Existing regulations specify when a surviving spouse must begin taking RMDs from an inherited retirement plan. For the surviving spouse of an account holder who dies before RMDs are required (and does not change that position), RMDs from the inherited account are not required until the year the dead account holder has reached age 72.

Beginning in 2024, the EARN Act would also permit the surviving spouse to be considered as the deceased account owner for RMD purposes. The surviving spouse would have the option of delaying RMDs from the inherited account in certain situations, for example, if he or she is younger than the deceased spouse.

The surviving spouse would need to elect this option under rules that the IRS would need to adopt, and the election would be irrevocable. Additionally, he or she must tell the account administrator.

Distributions to qualified charitable organizations (QCDs) are Used to Reduce RMDs.

Donations made through a qualified charitable donation (QCD) count toward your required minimum distribution (RMD). QCDs are a terrific option for seniors with a philanthropic bent to lower the amount of money they would otherwise have to take from an IRA. However, the annual ceiling on QCDs is $100,000, and this sum does not increase annually.

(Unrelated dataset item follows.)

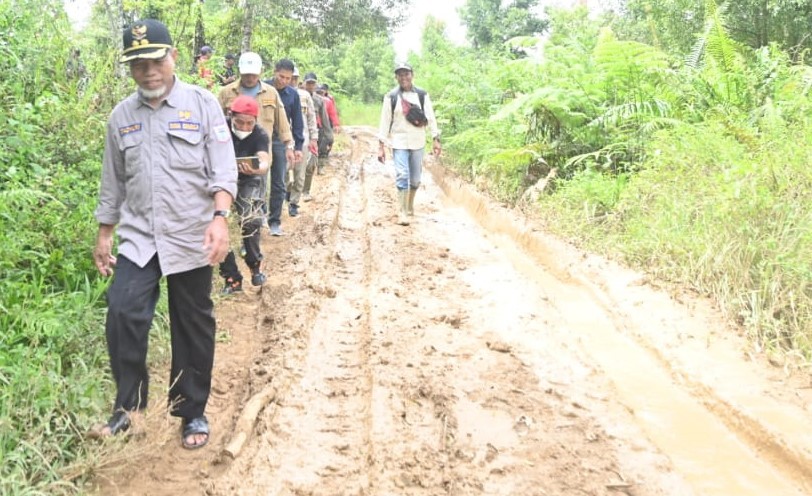 H Mashuri Pantau Kondisi Jalan Menuju Tiga Desa di Jangkat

In both the SECURE Act 2.0 and the EARN Act, the $100,000 cap would be adjusted annually for inflation (to the nearest $1,000). Adjustments would commence in 2023 under the SECURE Act 2.0 but not until 2024 with the EARN Act.

The two measures would also provide a one-time QCD of $50,000 in the form of charitable remainder annuities, charitable remainder unitrusts, and charitable gift annuities. If adopted in 2022, the SECURE Act 2.0 version would take effect for the 2022 tax year. However, the EARN Act version would not take effect until 2023.